RuntimeError: CUDA error: uncorrectable ECC error encountered
The selected specification has a hardware error. You can try another specification or another region.
MemoryError: WARNING Insufficient free disk space
The selected specification does not have enough memory. Use one with larger memory.
Limit-related
failed to compose dlc job specs, resource limiting triggered, you are trying to use more GPU resources than the threshold
The current training job allows up to 2 GPUs to run at the same time. If this limit is exceeded, resource limiting is triggered. In this case, you need to wait for the training job to complete before starting a new training job or submit a ticket to increase the quota.
How do I debug a deployed model service online?
After you deploy a model, click Model Gallery in the Platform for AI (PAI) console.

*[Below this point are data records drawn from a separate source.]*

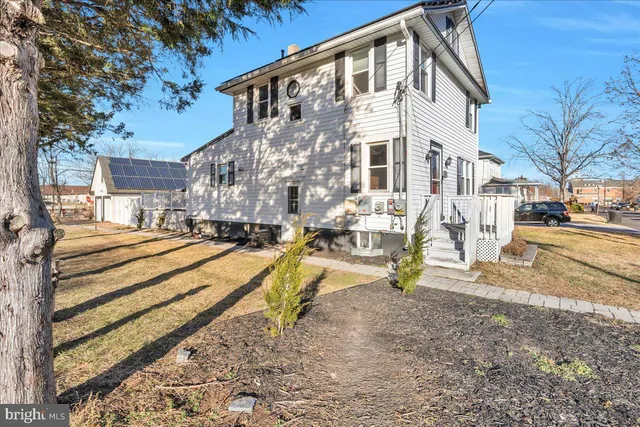a view of residential houses with yard and road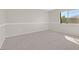 Neutral bedroom features a carpeted floor, neutral paint, and a bright window at 24 Painted View St, Henderson, NV 89012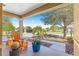 Relaxing front porch featuring comfortable seating, potted plants, and a view of the neighborhood at 9841 Sw 95Th Loop, Ocala, FL 34481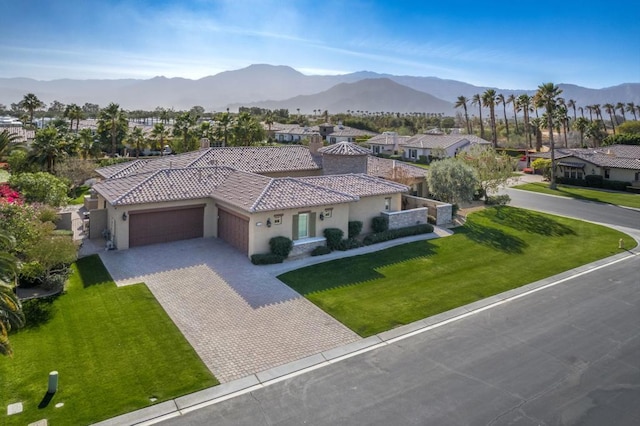 exterior space featuring a garage, a mountain view, and a front yard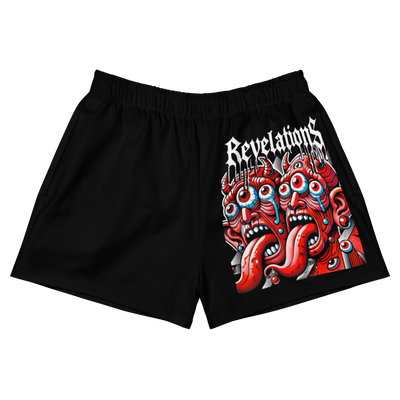 Black Twin Devils athletic shorts with a graphic of red devil faces and the word "Revelations" on the right leg, made of moisture-wicking recycled polyester with a 2.5-inch inseam and elastic waistband.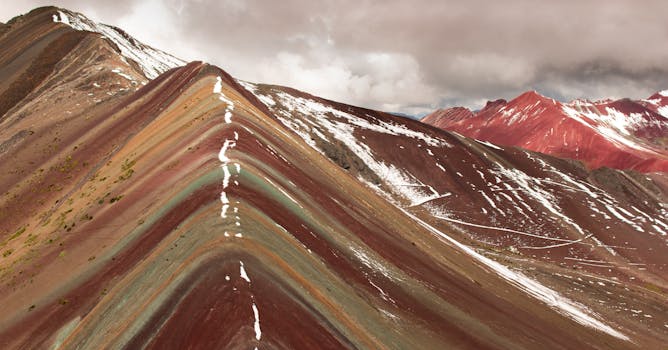 Stunning view of the vibrant Rainbow Mountain in Cusco, Peru, showcasing its vibrant colors and unique geological formations.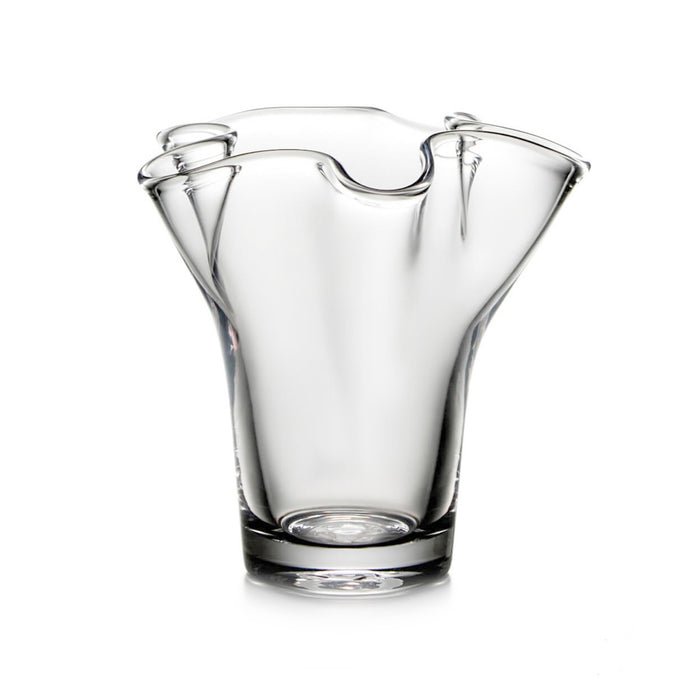 Clear glass vase with fluted sides and wavy rim opening.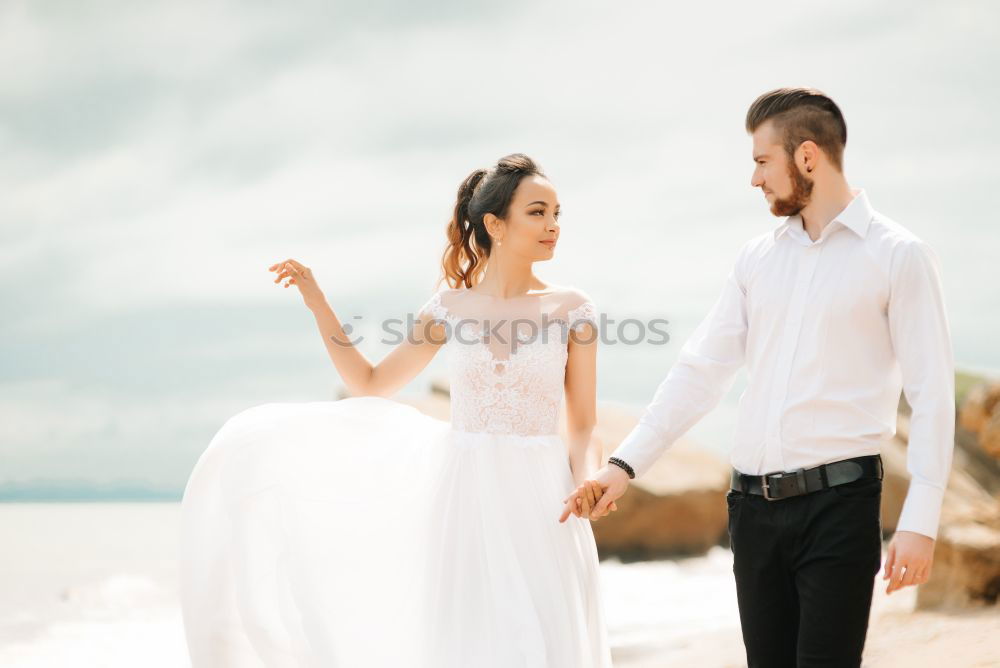 Similar – Image, Stock Photo Tender kissing bridal couple in sunlight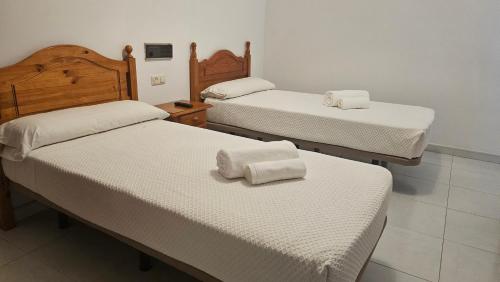 Postel nebo postele na pokoji v ubytování Hotel Nuevo Julios by Olda
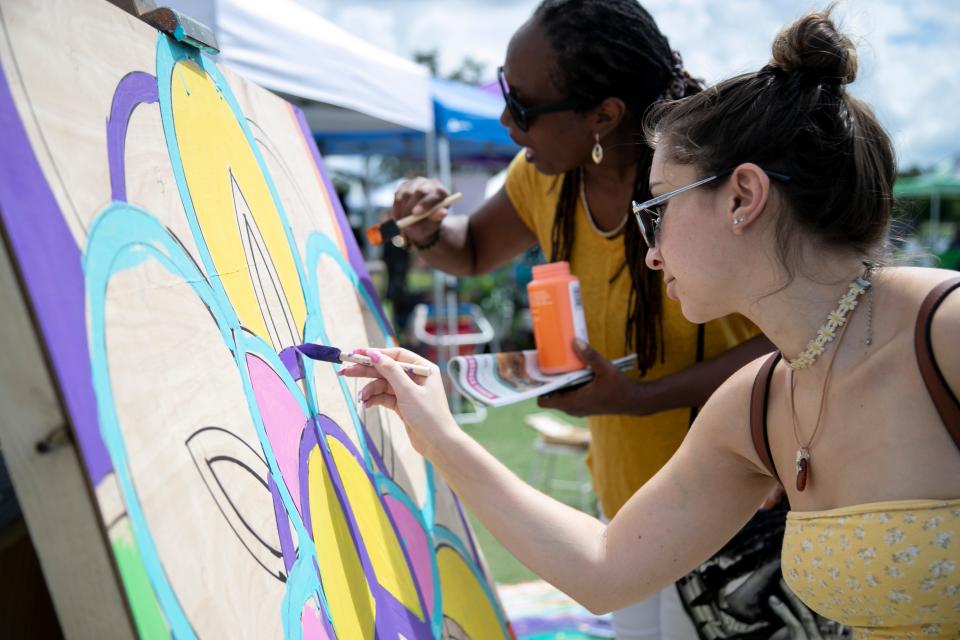 Kimberly Holmes, left, and Angelina Rodriguez paint a flower and peace sign at the 14th Annual Southwest Florida Peace Day at Wa-Ke Hatchee Park in Fort Myers on Sunday, Sept. 19, 2021.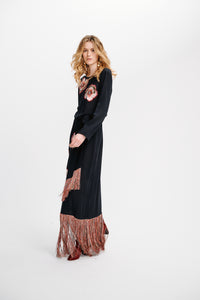 Carolina K Tamzeen dress displayed on a hanger, featuring a stylish, patterned design with flowing fabric and vibrant colors.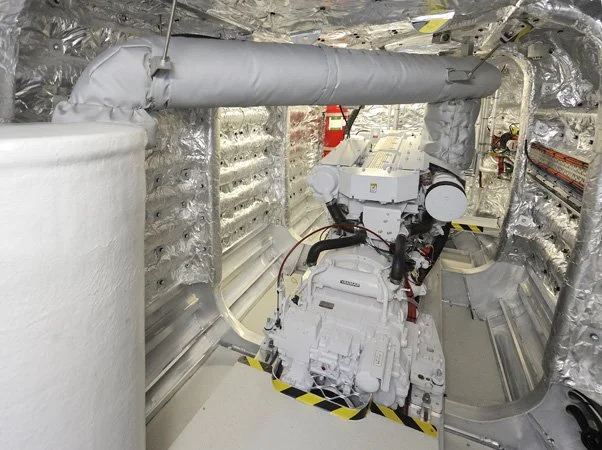 Custom insulated marine exhaust installation engineered for high-temperature engine room applications.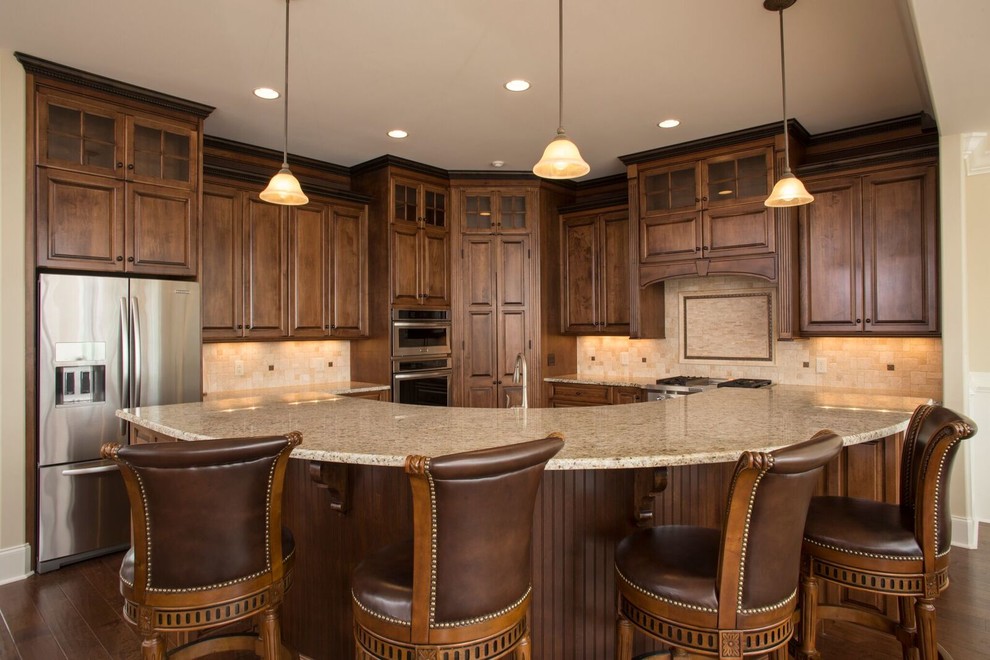 This is an example of a mid-sized traditional l-shaped eat-in kitchen in Other with raised-panel cabinets, dark wood cabinets, granite benchtops, beige splashback, stone tile splashback, stainless steel appliances, dark hardwood floors, with island and brown floor.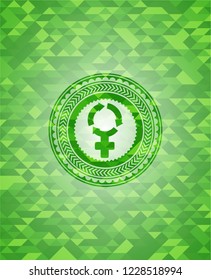 women cycle icon inside green emblem with triangle mosaic background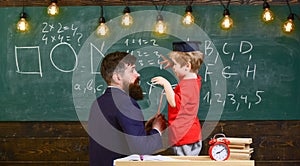 Instructive conversation concept. Child in graduate cap listening teacher, chalkboard on background, rear view. Teacher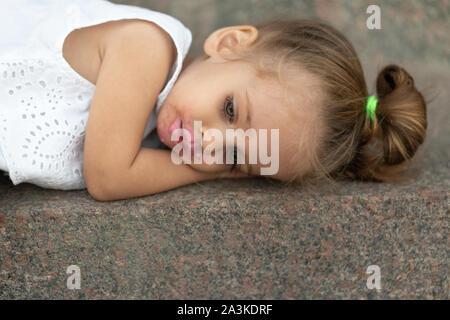 Une belle petite fille de l'apparition de cheveux blond couché sur l'asphalte de la rue triste. Les problèmes des enfants.Enfant fatigué des caprices. Banque D'Images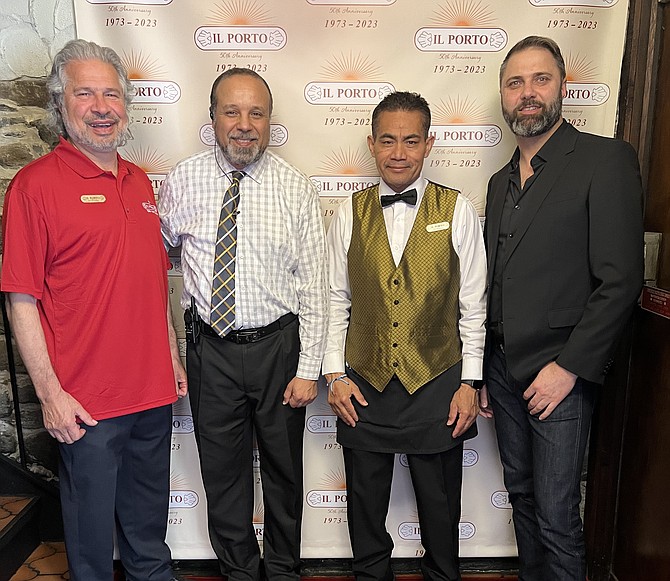 Il Porto Ristorante owners Akbar Zadran, left, poses for a photo with general manager Lou Fellah, head waiter Jesus Perla, and brother and co-owner Wali Zadran in preparation for the upcoming 50th anniversary celebration April 26.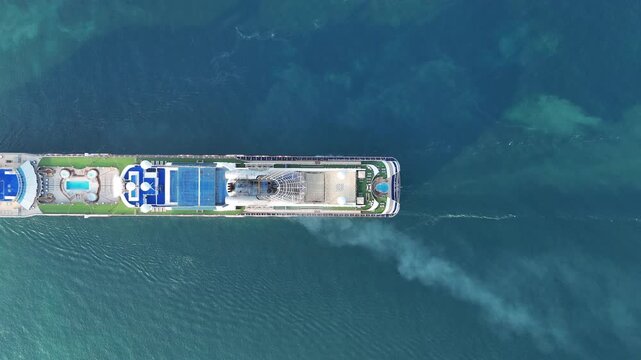 large luxury cruise ship sailing across a vast turquoise ocean. Concept of luxury maritime travel, ocean vacation, and bird's-eye perspective of tropical tourism.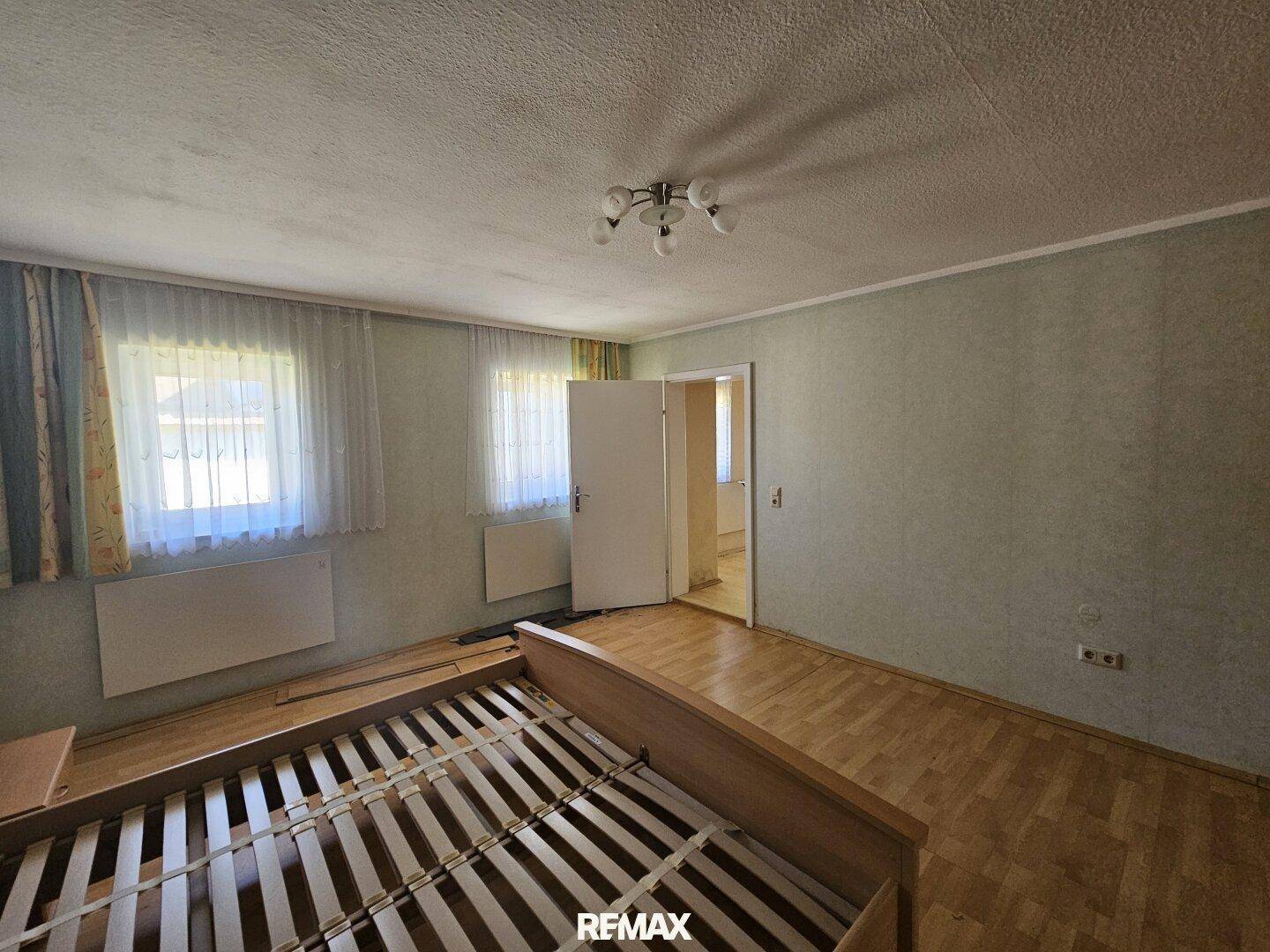 Schlafzimmer mit Parkettboden und zwei Fenstern, die viel Tageslicht hereinlassen.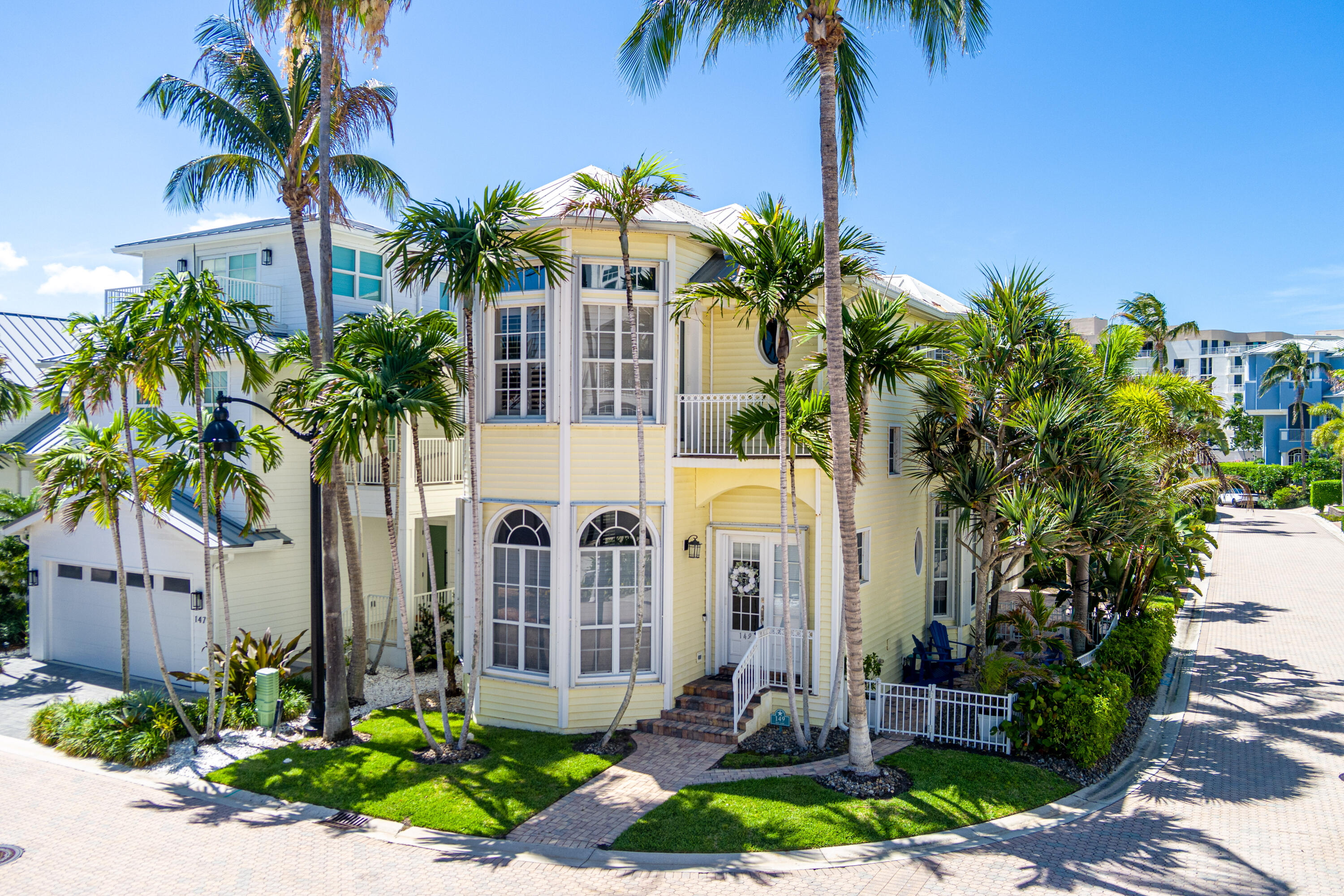 Located in the gated Jupiter Key community just steps from the beach, this stunning 2-story coastal home offers 3 bedrooms, 2.5 baths, and luxury finishes throughout. The first floor features an expansive kitchen with dining and sitting areas, built-ins, beverage station, oversized granite island, and induction cooktop range, flowing into a bright cheery living room with arched windows and plantation shutters. Upstairs, the spacious primary suite offers a sitting area, ocean glimpse from the sliding doors, walk-in closets, and spa-like bath with separate shower and soaking tub. Guest room with Murphy bed doubles as an office. Additional features include a 2-car garage with split A/C, outdoor shower, private patios, and close proximity to the community pool, beach, dining, and shopping.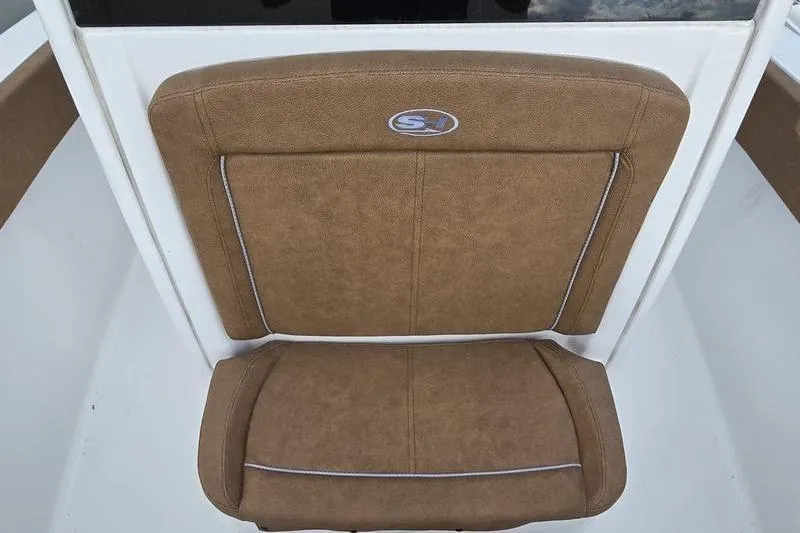 Slide: The Image of Brown cushioned seat on 2026 Sea Hunt Ultra 265 SE boat. - 15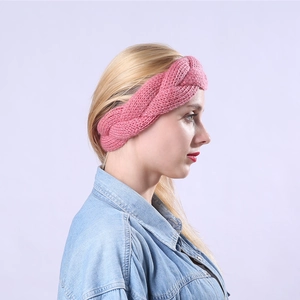 Close-up of pink cable knit headband with thick texture and warm braided design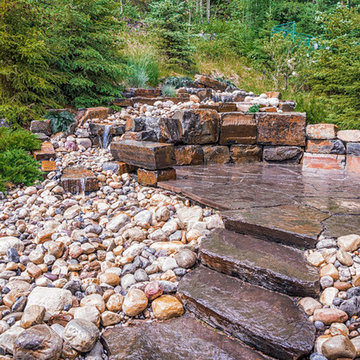 Rundle Stone Steps To Flagstone Patio Surrounded By Water Fall
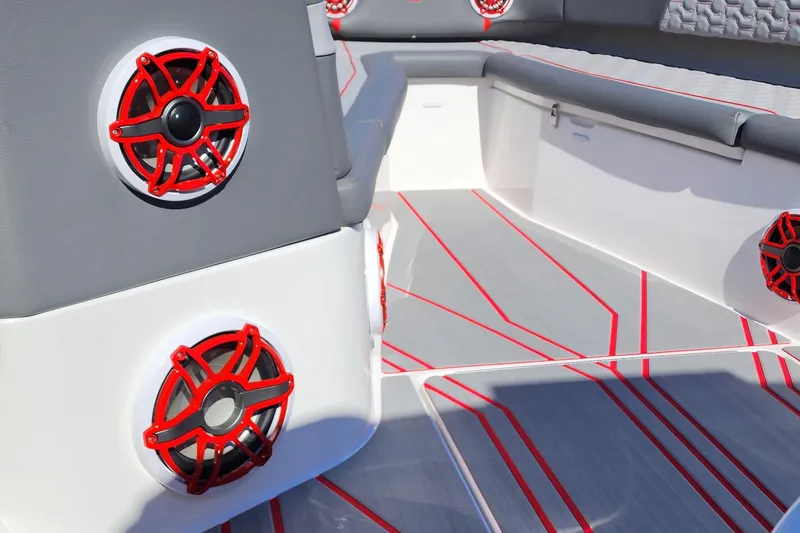 Slide: The Image of 2024 Fountain 38 SC boat interior with red speakers and grey seating. - 20
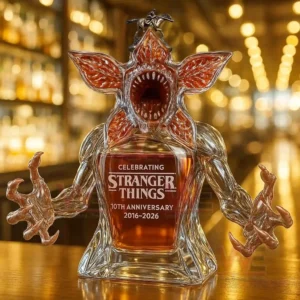 Demogorgon Stranger Things 10th Anniversary 2016-2026 Whiskey Bottle 6 A petal faced creature bottle with a small topper shown on a bar counter!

On the Model Gallery page, click Job Management. On the Training jobs tab of the Job Management page, click the Deployment Jobs tab. On the Deployment Jobs tab, find the deployed model service.
On the Elastic Algorithm Service (EAS) page, find the model service that you queried in Step 1 and click Online Debugging in the Actions column.
Configure request parameters for online debugging.
On the Model Gallery page, search for the desired model and click the model. On the Overview tab of the model details page, view the calling method for specific deployment. For example, if you deploy the DeepSeek-R1-Distill-Qwen-7B model service by using the BladeLLM deployment method, send the HTTP POST request to /v1/chat/completions. The following figure shows the request example.
Configure and send the request.
Add
/v1/chat/completions
to the request URL and configure the request body based on the preceding request example.